I have experimented with mouse pads for many years. Mouse pads with a cloth surface are execrable: they have high levels of friction, making mouse use tiresome and slow. So I have tried lots of non-mouse surfaces. Brushed metal surfaces work well -- the underside of a MacBook works beautifully. Shiny metal surfaces, though, can cause skipping. I haven't tried this yet, but I suspect that you could get some aluminum sheet from a hardware store and sand it with fine sandpaper -- say, 600 -- and get a good surface; but this might add to the friction. I have also tried a piece of black shiny tile, and that worked pretty well, too.
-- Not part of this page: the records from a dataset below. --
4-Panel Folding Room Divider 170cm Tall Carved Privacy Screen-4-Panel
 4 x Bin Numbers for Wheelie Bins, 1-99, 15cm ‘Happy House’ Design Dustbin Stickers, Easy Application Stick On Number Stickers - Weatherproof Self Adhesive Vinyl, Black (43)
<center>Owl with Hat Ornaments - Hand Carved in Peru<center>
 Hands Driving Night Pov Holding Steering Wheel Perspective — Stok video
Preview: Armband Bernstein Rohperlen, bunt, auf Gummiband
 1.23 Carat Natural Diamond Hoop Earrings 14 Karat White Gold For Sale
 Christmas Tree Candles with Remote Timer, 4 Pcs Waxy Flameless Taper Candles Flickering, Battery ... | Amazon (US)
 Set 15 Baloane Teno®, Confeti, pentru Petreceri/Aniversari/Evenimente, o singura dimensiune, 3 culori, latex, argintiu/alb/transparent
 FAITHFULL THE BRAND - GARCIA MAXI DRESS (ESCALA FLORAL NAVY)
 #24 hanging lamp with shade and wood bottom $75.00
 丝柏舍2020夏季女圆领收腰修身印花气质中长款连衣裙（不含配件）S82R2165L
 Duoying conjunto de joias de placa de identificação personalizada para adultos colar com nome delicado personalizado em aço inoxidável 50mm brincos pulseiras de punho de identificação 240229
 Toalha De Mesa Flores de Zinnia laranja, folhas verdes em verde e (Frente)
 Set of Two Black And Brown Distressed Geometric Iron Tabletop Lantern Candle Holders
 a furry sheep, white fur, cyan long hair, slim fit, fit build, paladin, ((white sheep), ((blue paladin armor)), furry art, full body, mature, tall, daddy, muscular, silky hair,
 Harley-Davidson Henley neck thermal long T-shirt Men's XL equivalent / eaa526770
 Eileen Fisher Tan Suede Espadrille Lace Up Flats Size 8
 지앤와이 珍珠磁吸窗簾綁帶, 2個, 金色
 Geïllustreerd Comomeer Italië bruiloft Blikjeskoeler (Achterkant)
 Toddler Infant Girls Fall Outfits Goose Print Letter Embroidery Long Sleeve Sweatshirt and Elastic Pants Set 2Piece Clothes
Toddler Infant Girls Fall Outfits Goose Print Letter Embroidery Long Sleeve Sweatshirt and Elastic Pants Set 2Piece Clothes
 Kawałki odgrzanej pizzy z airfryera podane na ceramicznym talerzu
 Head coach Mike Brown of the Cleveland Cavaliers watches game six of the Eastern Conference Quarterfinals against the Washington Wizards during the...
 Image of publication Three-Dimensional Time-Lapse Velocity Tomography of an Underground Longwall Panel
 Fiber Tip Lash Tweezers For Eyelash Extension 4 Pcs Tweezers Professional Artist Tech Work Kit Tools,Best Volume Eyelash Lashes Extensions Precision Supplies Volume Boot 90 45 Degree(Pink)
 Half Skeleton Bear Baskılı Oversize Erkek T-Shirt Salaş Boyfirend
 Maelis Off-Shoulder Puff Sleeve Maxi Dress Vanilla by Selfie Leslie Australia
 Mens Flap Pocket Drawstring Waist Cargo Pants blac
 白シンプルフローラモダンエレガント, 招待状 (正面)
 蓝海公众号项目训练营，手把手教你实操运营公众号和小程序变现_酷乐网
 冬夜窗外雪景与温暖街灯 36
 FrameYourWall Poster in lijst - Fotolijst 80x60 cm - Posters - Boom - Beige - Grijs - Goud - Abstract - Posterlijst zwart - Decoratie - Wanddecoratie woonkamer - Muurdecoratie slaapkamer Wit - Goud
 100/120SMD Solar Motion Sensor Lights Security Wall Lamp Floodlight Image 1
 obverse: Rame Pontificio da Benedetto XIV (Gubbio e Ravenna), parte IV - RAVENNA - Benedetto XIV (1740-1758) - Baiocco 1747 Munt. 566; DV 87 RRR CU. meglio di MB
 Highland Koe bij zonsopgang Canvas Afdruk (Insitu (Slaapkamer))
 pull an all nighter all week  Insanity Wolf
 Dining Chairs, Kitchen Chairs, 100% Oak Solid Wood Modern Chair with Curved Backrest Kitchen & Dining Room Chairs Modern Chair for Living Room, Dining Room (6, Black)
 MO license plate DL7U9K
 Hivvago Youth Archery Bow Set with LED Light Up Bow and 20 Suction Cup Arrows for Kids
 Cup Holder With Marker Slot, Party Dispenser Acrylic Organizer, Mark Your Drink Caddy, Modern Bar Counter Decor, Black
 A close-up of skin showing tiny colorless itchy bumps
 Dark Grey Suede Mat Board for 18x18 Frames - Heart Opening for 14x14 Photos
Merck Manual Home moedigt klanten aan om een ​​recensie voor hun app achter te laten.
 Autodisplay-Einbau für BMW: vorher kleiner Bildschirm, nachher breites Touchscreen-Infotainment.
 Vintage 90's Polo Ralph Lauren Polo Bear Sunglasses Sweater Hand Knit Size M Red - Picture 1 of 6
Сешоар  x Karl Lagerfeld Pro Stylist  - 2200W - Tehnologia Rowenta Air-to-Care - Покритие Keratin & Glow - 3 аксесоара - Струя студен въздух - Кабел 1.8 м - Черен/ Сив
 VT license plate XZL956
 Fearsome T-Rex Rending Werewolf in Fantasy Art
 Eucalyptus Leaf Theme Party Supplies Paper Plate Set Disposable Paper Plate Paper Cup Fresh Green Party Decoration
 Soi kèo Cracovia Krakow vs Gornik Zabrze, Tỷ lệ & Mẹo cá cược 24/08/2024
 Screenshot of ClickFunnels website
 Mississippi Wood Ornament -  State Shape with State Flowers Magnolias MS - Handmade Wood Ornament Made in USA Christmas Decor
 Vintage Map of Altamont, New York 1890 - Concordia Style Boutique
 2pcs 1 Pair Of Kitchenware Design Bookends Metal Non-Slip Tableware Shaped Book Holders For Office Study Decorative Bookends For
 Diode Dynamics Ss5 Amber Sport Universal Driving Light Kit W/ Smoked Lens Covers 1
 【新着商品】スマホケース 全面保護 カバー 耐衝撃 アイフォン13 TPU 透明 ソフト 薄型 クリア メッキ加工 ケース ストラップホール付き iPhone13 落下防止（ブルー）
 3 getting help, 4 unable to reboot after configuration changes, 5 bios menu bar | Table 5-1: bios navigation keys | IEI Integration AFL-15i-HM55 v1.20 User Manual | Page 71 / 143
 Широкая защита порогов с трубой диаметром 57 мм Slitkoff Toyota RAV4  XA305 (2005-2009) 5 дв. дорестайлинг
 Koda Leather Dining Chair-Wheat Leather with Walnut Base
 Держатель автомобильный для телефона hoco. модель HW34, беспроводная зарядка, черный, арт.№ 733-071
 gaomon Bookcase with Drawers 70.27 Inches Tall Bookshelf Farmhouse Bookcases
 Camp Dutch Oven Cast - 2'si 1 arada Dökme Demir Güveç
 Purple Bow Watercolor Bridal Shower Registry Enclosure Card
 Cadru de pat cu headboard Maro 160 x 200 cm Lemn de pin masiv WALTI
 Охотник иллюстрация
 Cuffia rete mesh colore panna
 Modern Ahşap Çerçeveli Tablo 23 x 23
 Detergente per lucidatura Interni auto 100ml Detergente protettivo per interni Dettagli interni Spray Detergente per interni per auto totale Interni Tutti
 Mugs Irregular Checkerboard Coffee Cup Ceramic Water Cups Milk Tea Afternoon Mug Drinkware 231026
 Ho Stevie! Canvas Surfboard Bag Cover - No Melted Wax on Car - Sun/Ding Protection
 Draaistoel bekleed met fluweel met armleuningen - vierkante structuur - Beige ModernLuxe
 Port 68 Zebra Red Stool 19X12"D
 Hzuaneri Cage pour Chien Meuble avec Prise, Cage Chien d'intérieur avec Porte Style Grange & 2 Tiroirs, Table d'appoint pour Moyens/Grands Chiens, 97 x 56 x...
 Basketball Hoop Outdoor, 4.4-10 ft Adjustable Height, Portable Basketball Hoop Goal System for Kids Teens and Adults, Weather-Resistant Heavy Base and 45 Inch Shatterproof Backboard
However, my greatest success was with a thin sheet of transparent plastic. Now, I have tried all sorts of transparent stuff, and it never works -- but this stuff is only 0.020" inches thick, and I glued it to a foam rubber pad, and it works beautifully. The mouse glides across it easily; it has the lowest coefficient of static friction of anything. Yet another transparent plastic sheet just 0.040" thick refuses to work. I wanted to make a good mouse pad for a friend, but I just couldn't find that thin plastic sheeting anywhere. And even thinner stuff, like sheet protectors for paper documents, doesn't work, either. Maybe this stuff I'm using is magic.
I have been experimenting with polished corian but so far it doesn't seem to offer much advantage.